Copy each line, word for word, from the one with "Used 2025 Gun" through the final line of the listing, but skip the pictures.
THE DATA: Begin
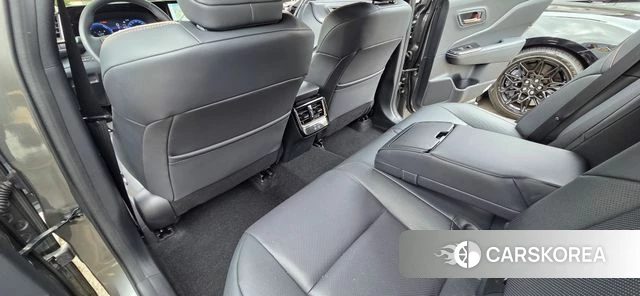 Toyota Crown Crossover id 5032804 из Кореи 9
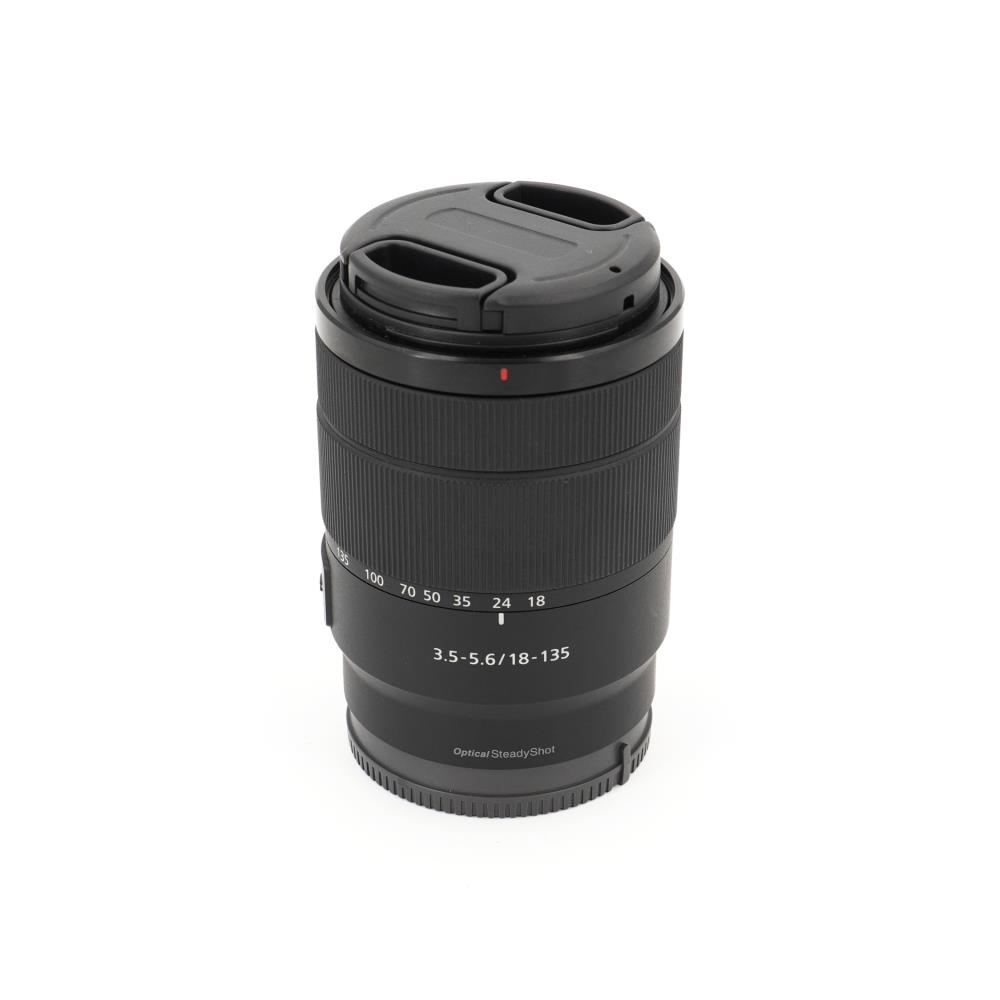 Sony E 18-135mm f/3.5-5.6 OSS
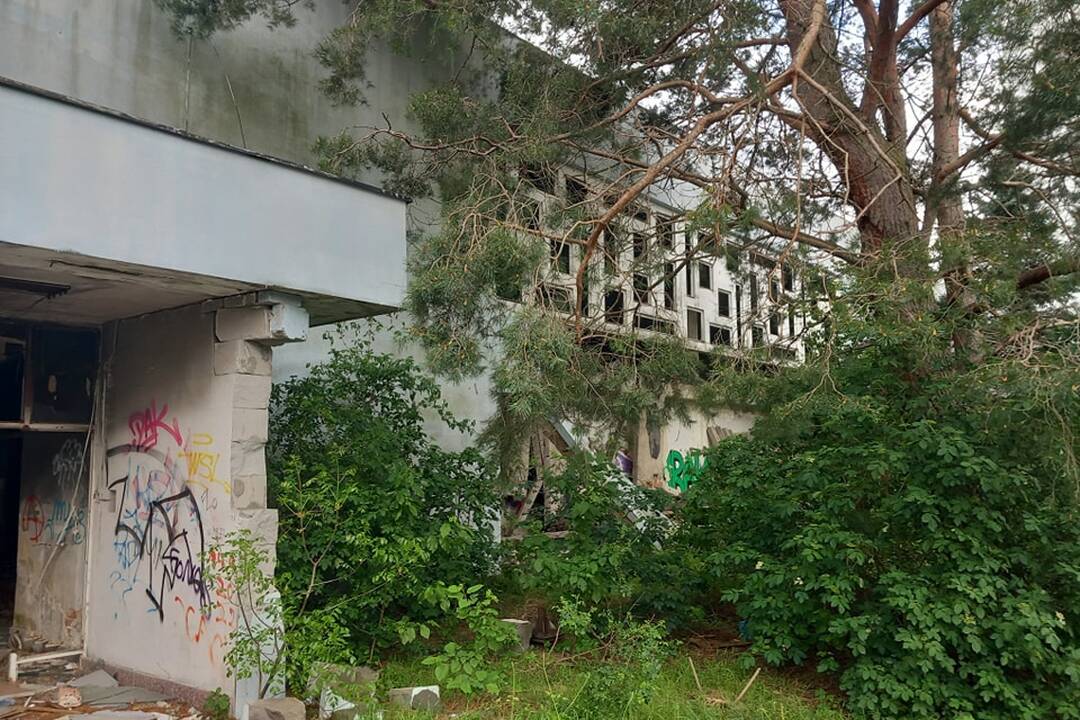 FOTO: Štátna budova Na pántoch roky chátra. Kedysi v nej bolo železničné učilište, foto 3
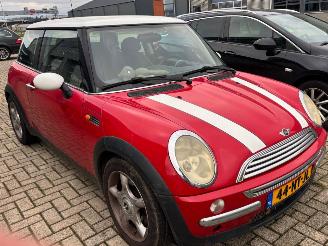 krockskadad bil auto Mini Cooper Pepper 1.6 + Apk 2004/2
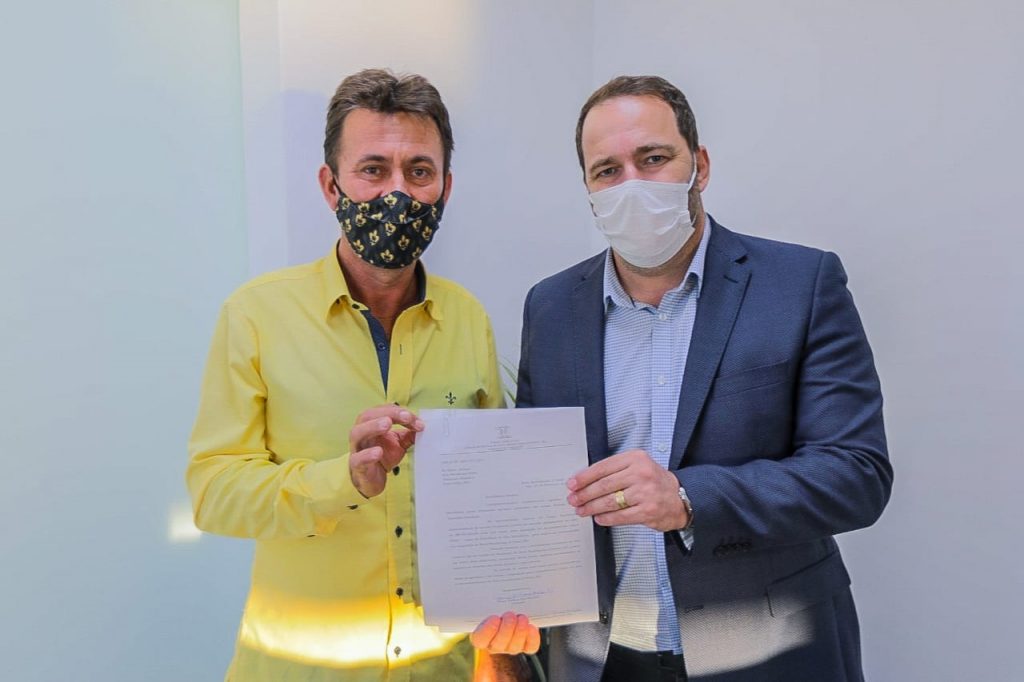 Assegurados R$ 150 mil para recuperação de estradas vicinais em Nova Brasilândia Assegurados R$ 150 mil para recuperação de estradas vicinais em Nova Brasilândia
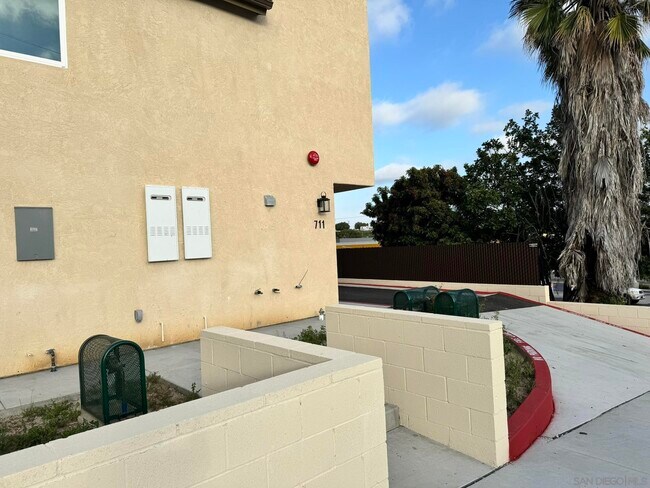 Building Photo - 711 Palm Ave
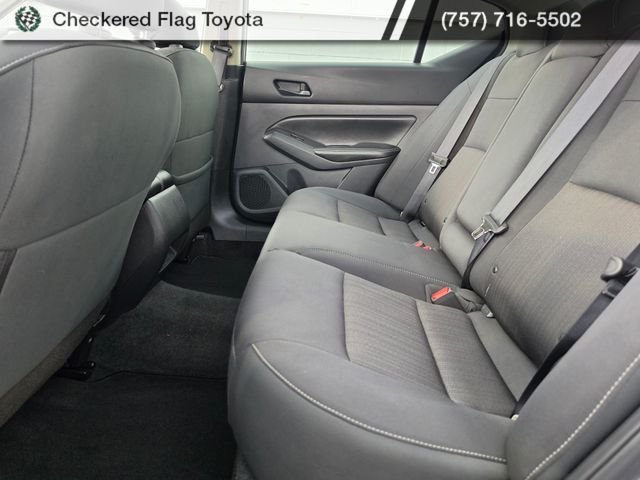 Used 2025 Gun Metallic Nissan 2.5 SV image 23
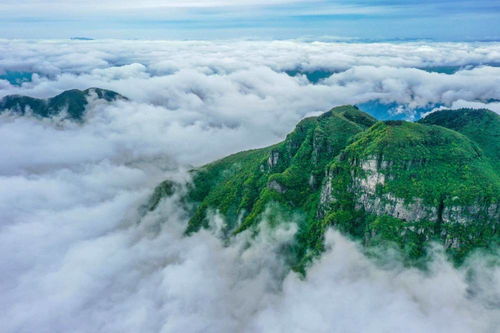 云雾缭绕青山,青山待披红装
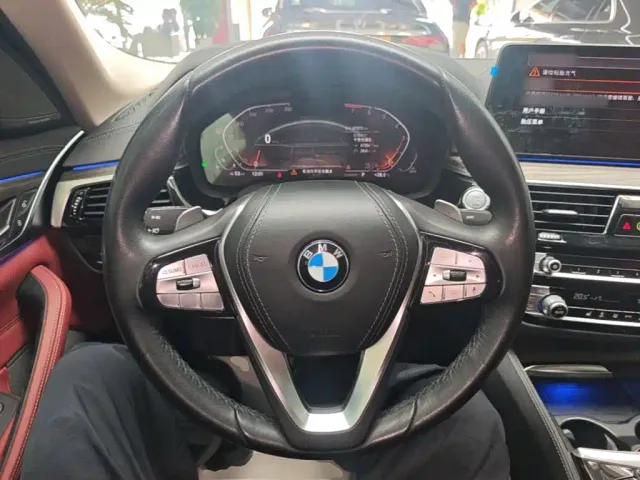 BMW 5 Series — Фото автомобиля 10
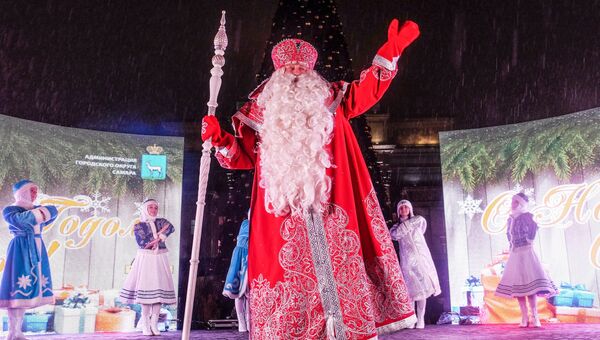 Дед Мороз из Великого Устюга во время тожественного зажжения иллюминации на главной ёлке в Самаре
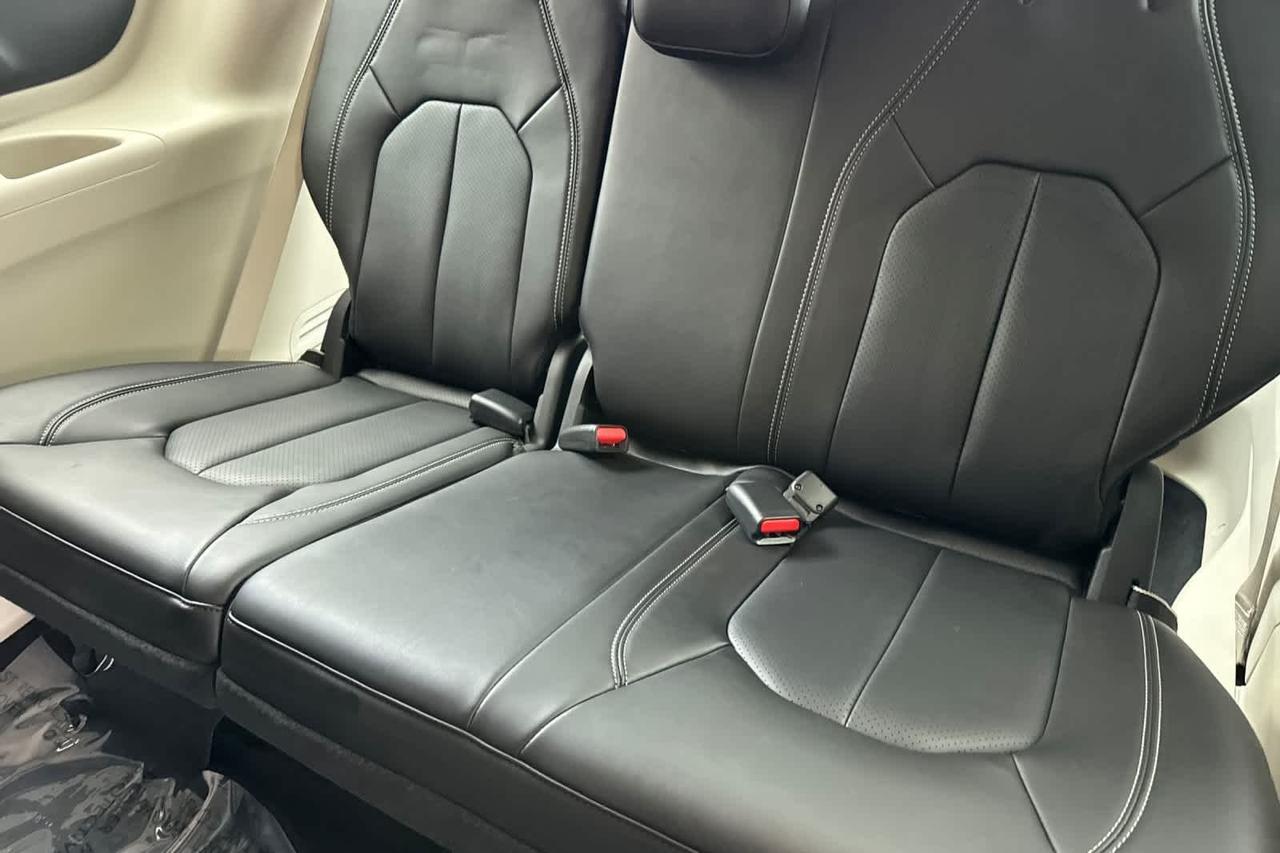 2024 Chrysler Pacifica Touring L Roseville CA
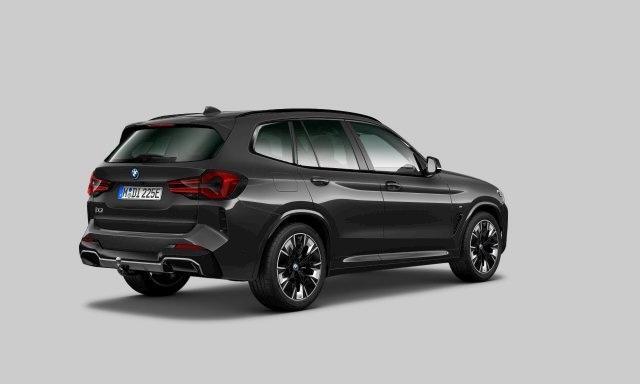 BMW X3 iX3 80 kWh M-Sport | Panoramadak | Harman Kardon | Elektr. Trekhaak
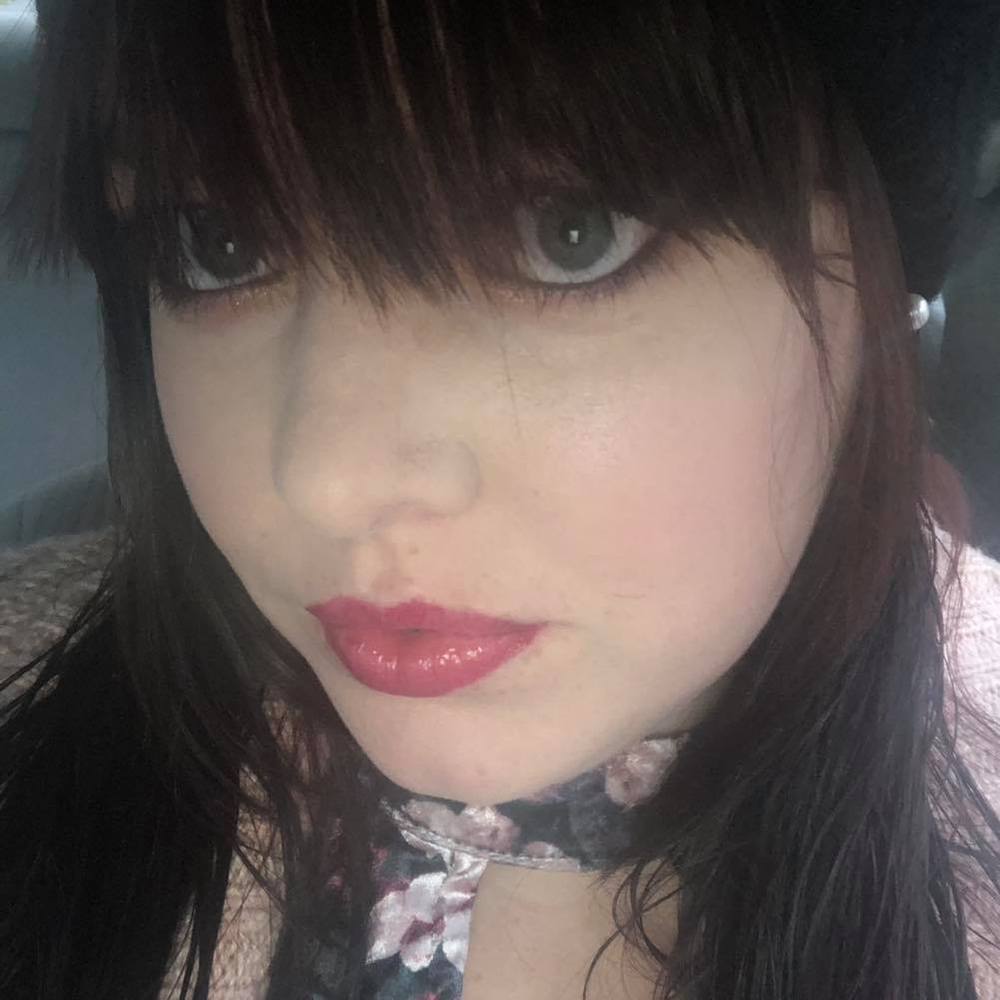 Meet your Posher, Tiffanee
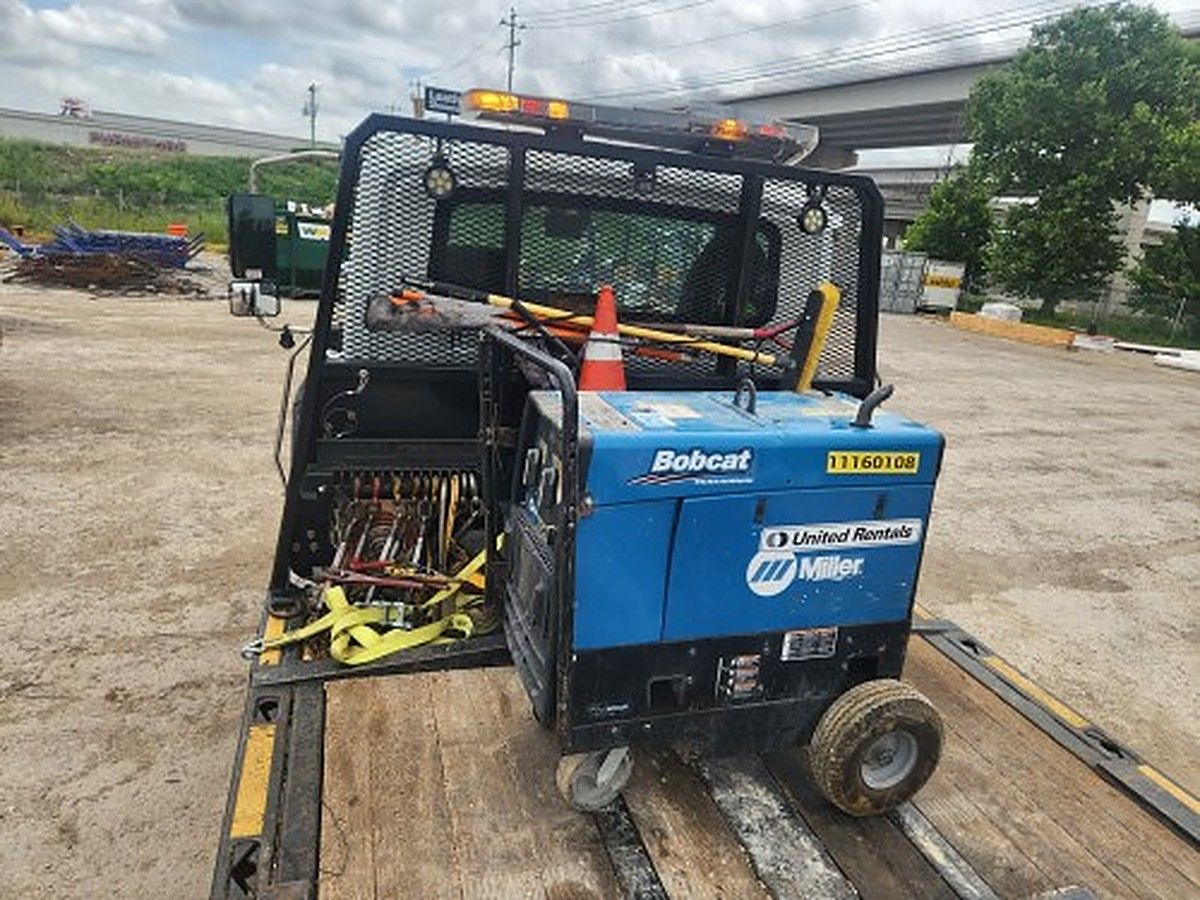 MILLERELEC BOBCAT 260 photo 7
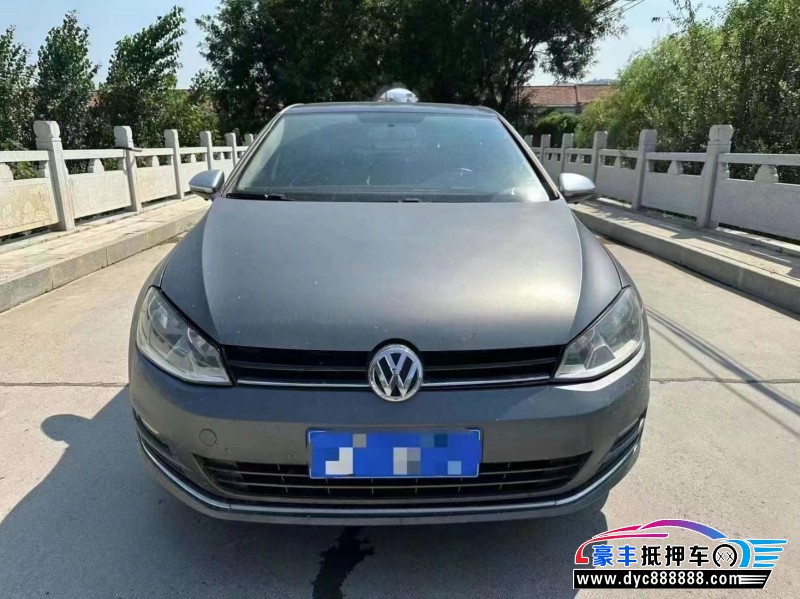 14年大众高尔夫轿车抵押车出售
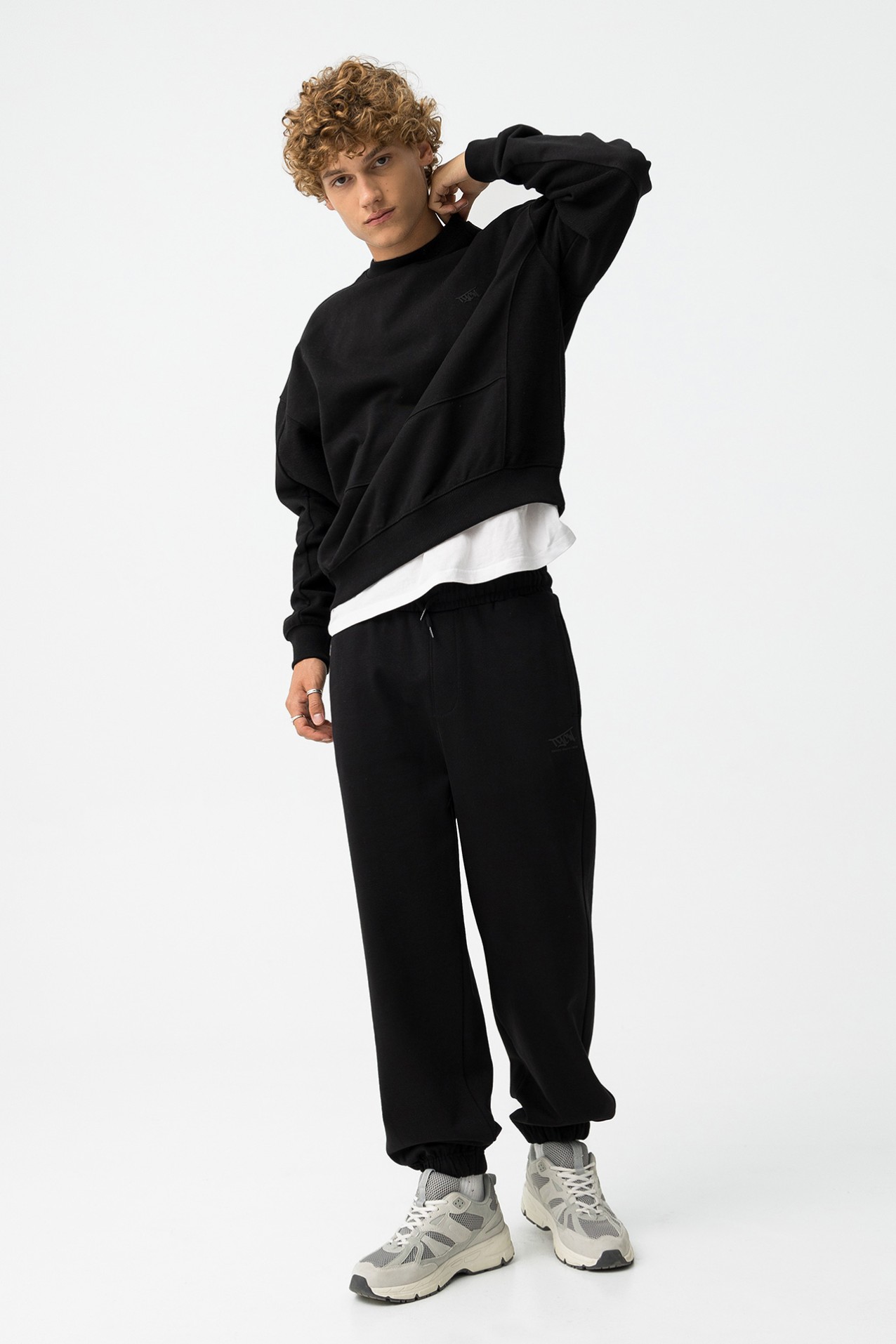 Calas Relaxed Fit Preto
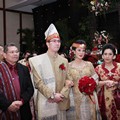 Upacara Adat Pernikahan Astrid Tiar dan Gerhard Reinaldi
THE DATA: End
### RESPONSE
 Used 2025 Gun Metallic Nissan 2.5 SV image 23
 云雾缭绕青山,青山待披红装
 BMW 5 Series — Фото автомобиля 10
 Дед Мороз из Великого Устюга во время тожественного зажжения иллюминации на главной ёлке в Самаре
 2024 Chrysler Pacifica Touring L Roseville CA
 BMW X3 iX3 80 kWh M-Sport | Panoramadak | Harman Kardon | Elektr. Trekhaak
 Meet your Posher, Tiffanee
 MILLERELEC BOBCAT 260 photo 7
 14年大众高尔夫轿车抵押车出售
 Calas Relaxed Fit Preto
 Upacara Adat Pernikahan Astrid Tiar dan Gerhard Reinaldi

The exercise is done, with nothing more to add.